Let's start by looking at the essential functions required to facilitate a data-driven organisation.
- Infrastructure - with a few exceptions of highly-regulated sectors, the direction for a data infrastructure has been moving towards the cloud. Thanks to the serverless architecture and container technology, the shift not only reduces the operational complexity but also allows for higher reliability, availability and scalability, which are essential attributes for a data platform.
- Data Pipelines - a robust movement and processing of data from one point to another is required to make it suitable for consumption. A data pipeline can be either a simple ELT/ETL process or a complex orchestration including real-time streaming and modelling. The emergence of streaming engines such as Storm, Flink and Spark also makes real-time analysis easier.

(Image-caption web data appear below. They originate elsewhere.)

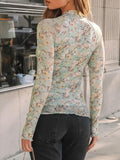 Mock Neck Long Sleeve T-Shirt DJPT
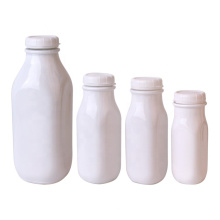 8oz 12oz 13oz 32oz white square fresh milk juice glass bottle with cap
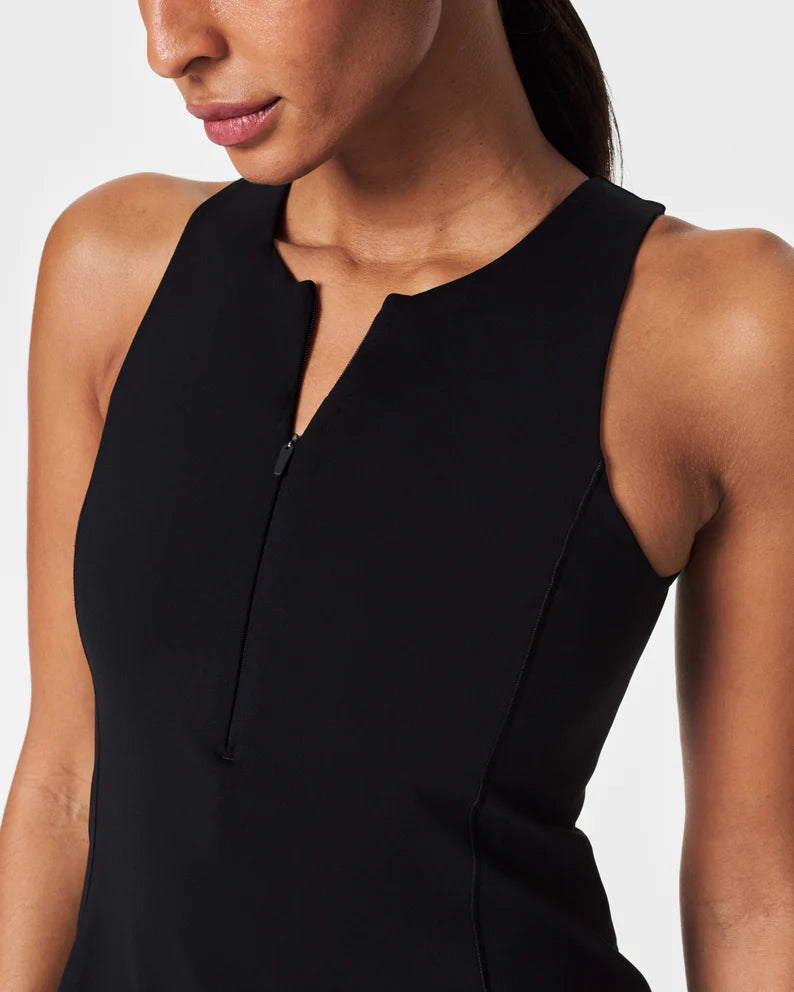 The Get Moving Zip Front Easy Access Dress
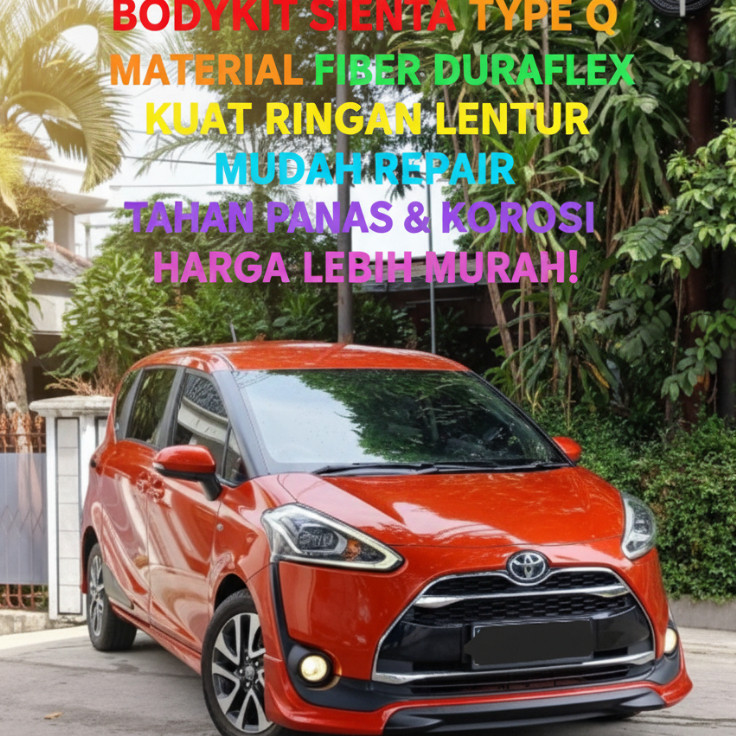 cicilan 0% bodykit sienta type Q bodikit sienta bodykit toyota sienta Q bodikit
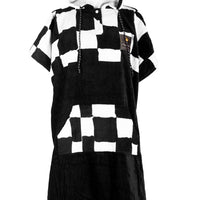 Checker Changer Towel - Black/White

- Reporting and Analysis - the ultimate goals of getting into the data space is to gain additional values. It can be a simple process that turns data into informational summaries or a complex analysis that extracts meaningful insights in a descriptive, a predictive or a prescriptive way. The product of such reporting or analysis can be presented in different ways subject to the usability and functionality requirements.
- Other Functions - security and governance are considered intrinsic functions to the data platform. Access controls and appropriate policies must be in place to safeguard against attacks and unintended usage of sensitive data. Suitable capabilities on monitoring, auditing and billing are also essential depending on the operational requirements of each organisation.
Before considering what capabilities should be decentralised or remain centralised, it is worth to understand what can happen under a different context.
The quadrant above illustrates some products and capabilities given the level of automation and data literacy within the business. Two crazy corners represent extreme cases, sluggish insights (top-left) and over-engineering (bottom-right). When a centralised function is unable to serve the organisation quickly, it is common for the business to establish a Shadow IT or reach out to third-party vendors, which often results in duplicate efforts and expensive tactical solutions. Similarly, without adequate data literacy, a highly automated data platform is just a costly investment that does not give much value.
What should remain centralised?
Regardless of the maturity of an organisation, the main functions that should remain centralised are the infrastructure, security and governance. However, from the stakeholders' perception, it can result in higher overhead and lower productivity, which can be valid under specific scenarios. For example, the function is underbudgeted, and since it is likely to be a cost centre, there is a challenge in justifying for more resources. Another instance is when the task force is governed by a very rigid process or operates based on the "waterfall for everything" principle.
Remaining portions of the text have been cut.